Good Christian Roy Moore: Hate gays, loves girls (allegedly). Scott Olson/Getty Images

Roy Moore, the Republican nominee to fill Jeff Session's vacated Alabama Senate seat, is known as the "Ten Commandment Judge," a nickname he received after refusing to remove a 5,280-pound granite monument of the Ten Commandments from the Alabama Judicial Building, even after a federal court order. For this, Moore was dismissed from his seat in 2003. Alas, it wouldn't be the last time: In 2012, after again being elected chief justice of the Alabama Supreme Court, Moore was dismissed again, this time for telling probate judges not to issue marriage licenses to same-sex couples. But not only is Moore a raging homophobe with good "Christian values," turns out, he, also allegedly likes teen girls.

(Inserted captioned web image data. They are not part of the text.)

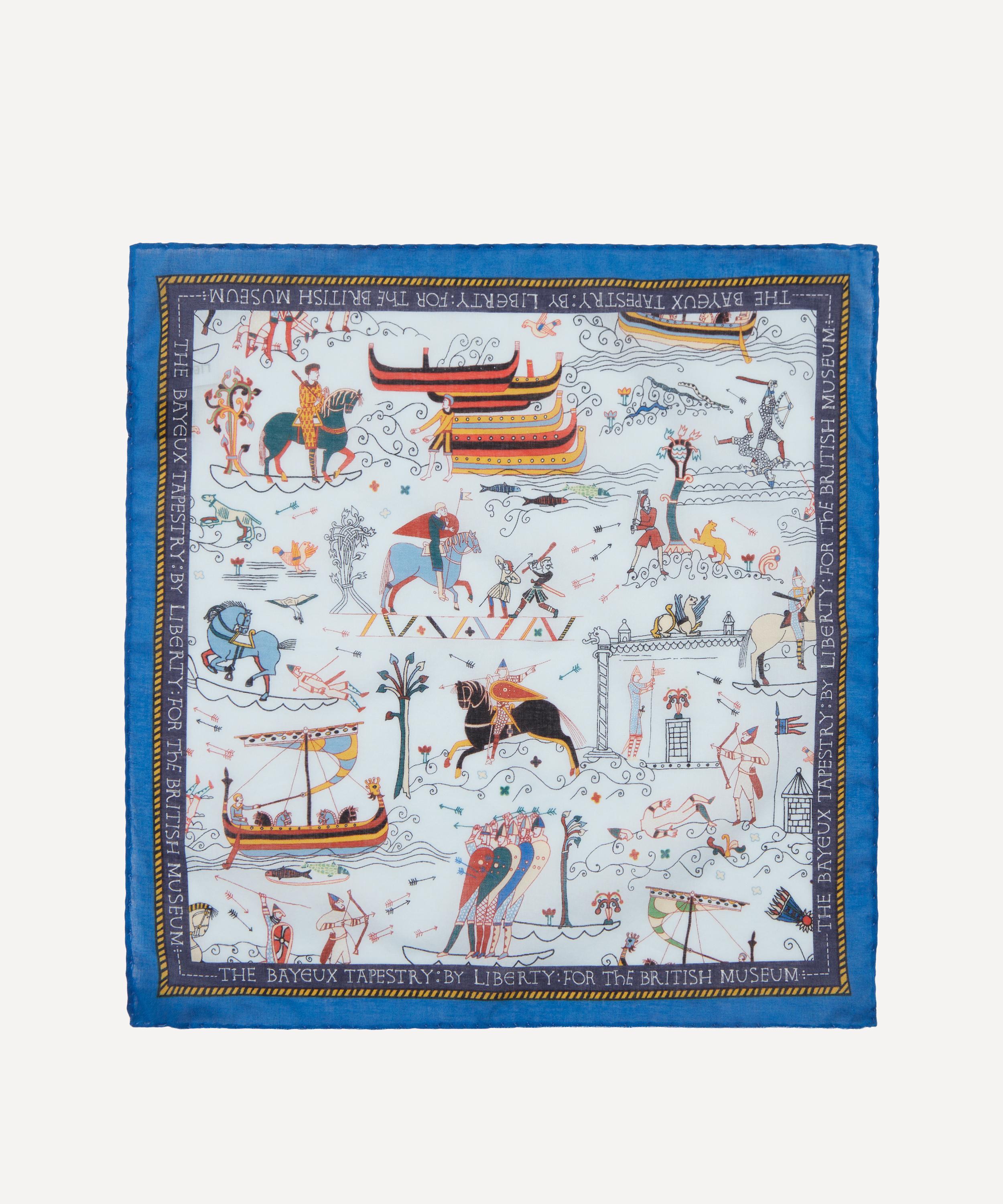Liberty - Bayeux Tapestry Silk Pocket Square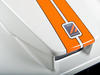 Caterham SP 300R. Шильдик
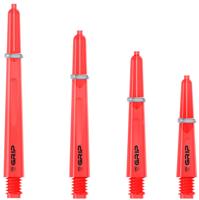 Bull's B-Grip 2 CL Shaft Red - 41mm - thumbnail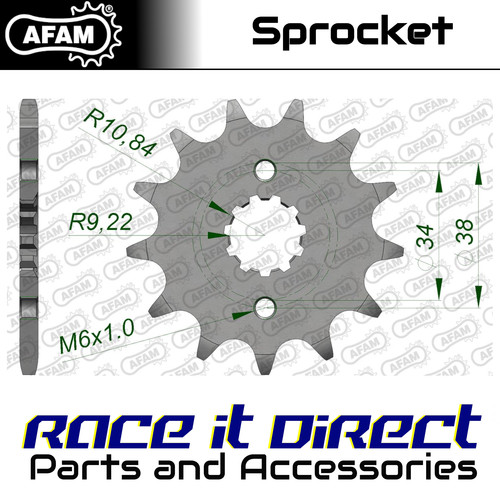 Sprocket for honda 250 - for,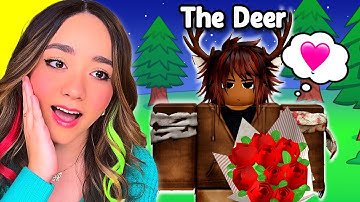 The DEER Became HUMAN in 99 NIGHTS IN THE FOREST!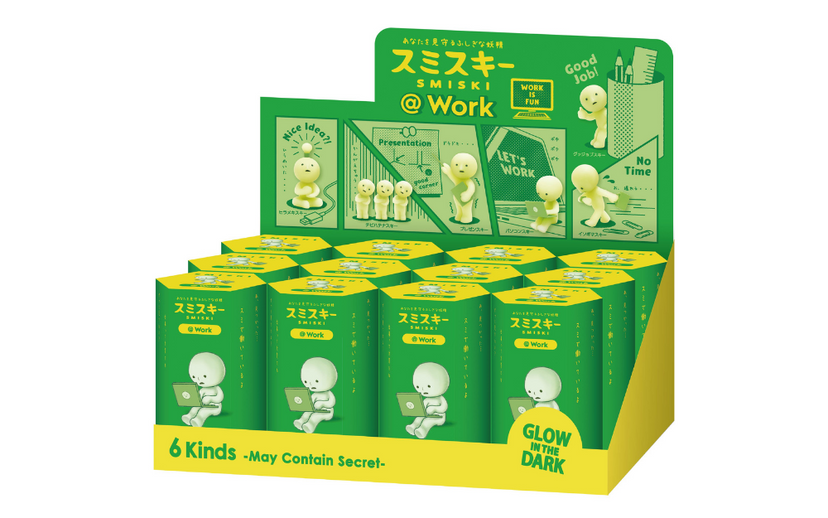 SMISKI @ Work Series - Charming Mini Choice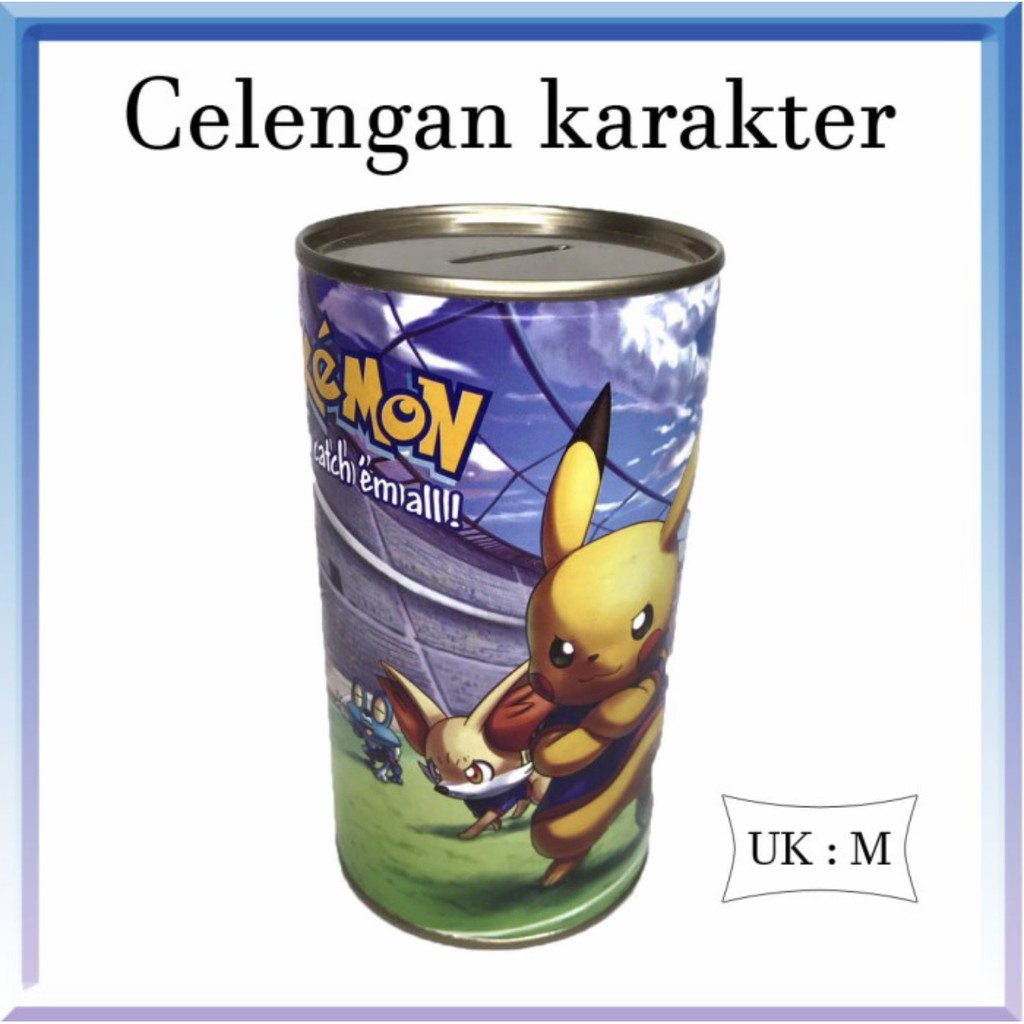 CELENGAN KARAKTER Uk M harga /1pcs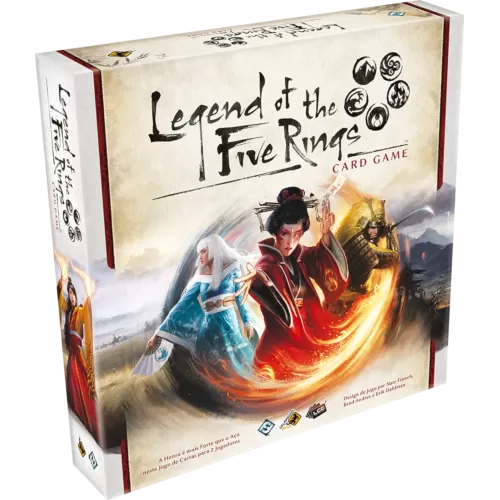 Legend of The 5 Rings: Card Game - Galápagos Jogos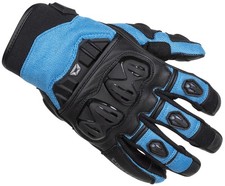 Cortech Hyper-Flo Air Light Blue Womens Gloves size X-Large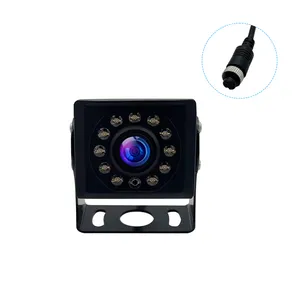 720P 1080P gece görüş 110 derece ters yedekleme kamera 12 kızılötesi IR LED ön/yan/arka görüş kamerası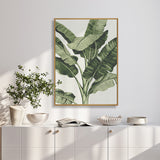 Tranquil Tropics II (Canvas) Large (903mm W x 1109mm H)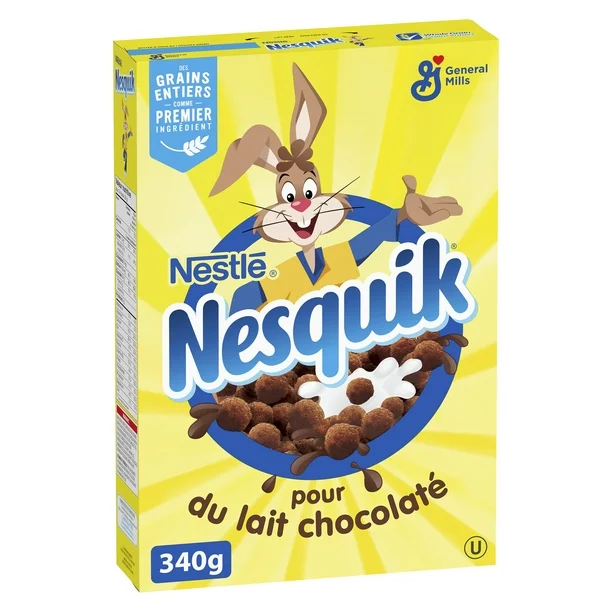 Nestlé, nesquik, céréales chocolatés - Image 3
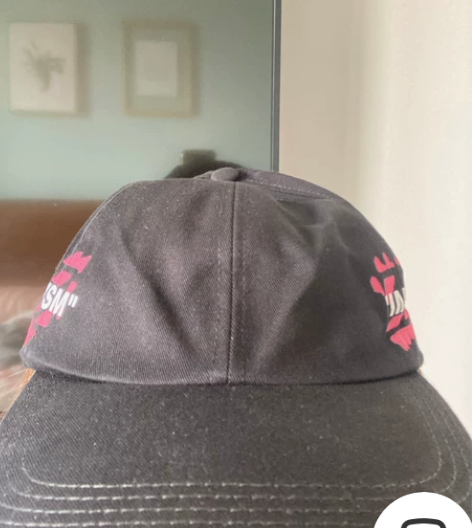 全新off-white 棉质棒球鸭舌帽，购...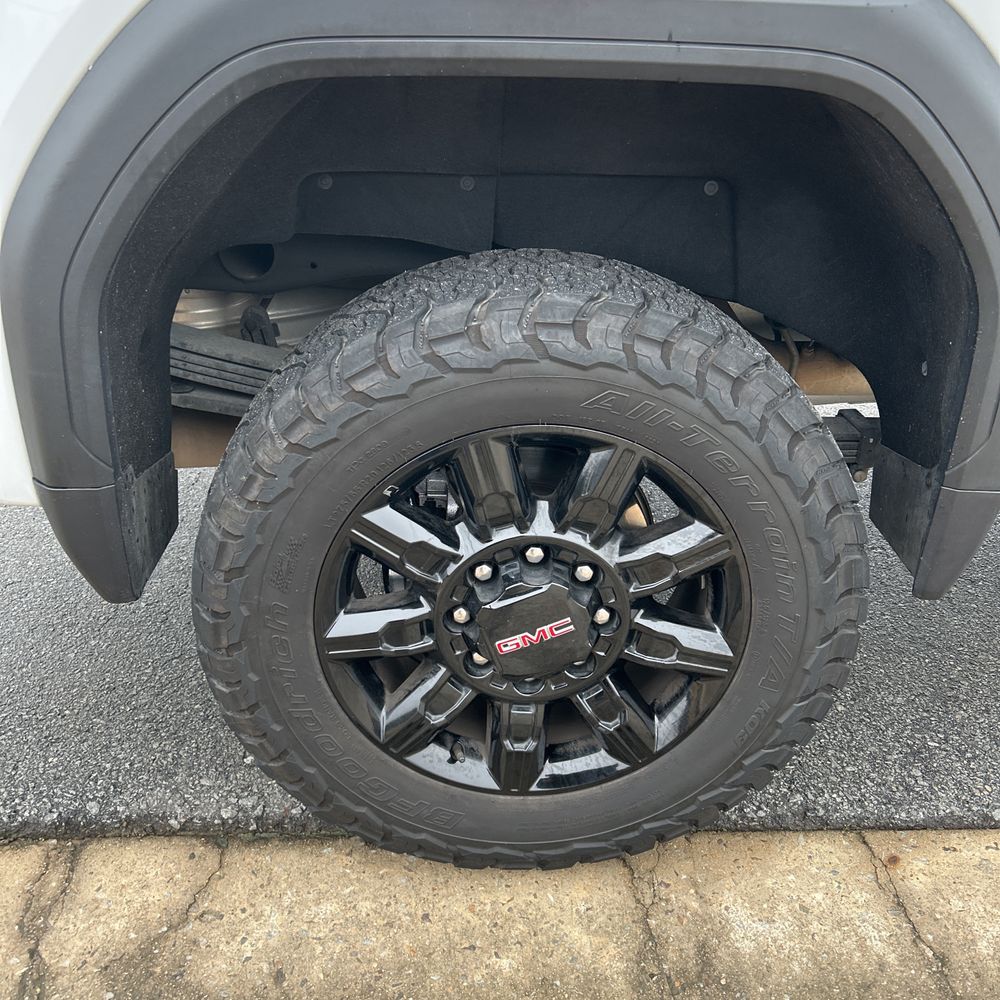 2024 GMC Sierra 2500HD AT4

The Washington Post broke the story Wednesday. Moore has been accused by Leigh Corfman of pursuing her in 1979, when she was just 14. Moore, at the time was a 32-year-old assistant district attorney in Alabama, picked her up outside of a court house. The legal age of consent in Alabama, both then and now, is 16. Corfman describes their relationship:

Alone with Corfman, Moore chatted with her and asked for her phone number, she says. Days later, she says, he picked her up around the corner from her house in Gadsden, drove her about 30 minutes to his home in the woods, told her how pretty she was and kissed her. On a second visit, she says, he took off her shirt and pants and removed his clothes. He touched her over her bra and underpants, she says, and guided her hand to touch him over his underwear.

“I wanted it over with — I wanted out,” she remembers thinking. “Please just get this over with. Whatever this is, just get it over.” Corfman says she asked Moore to take her home, and he did.

Two of Corfman’s childhood friends say she told them at the time that she was seeing an older man, and one says Corfman identified the man as Moore. Wells says her daughter told her about the encounter more than a decade later, as Moore was becoming more prominent as a local judge.

The Post also spoke with three other women who say Moore pursued them when he was in his early 30s and they were between 16 and 18.

Moore, now 70, denies the allegations. “These allegations are completely false and are a desperate political attack by the National Democrat Party and the Washington Post on this campaign," he said in a statement." And later, “this garbage is the very definition of fake news.”

Moore faces Doug Jones, a former U.S. attorney, in a special election on December 12.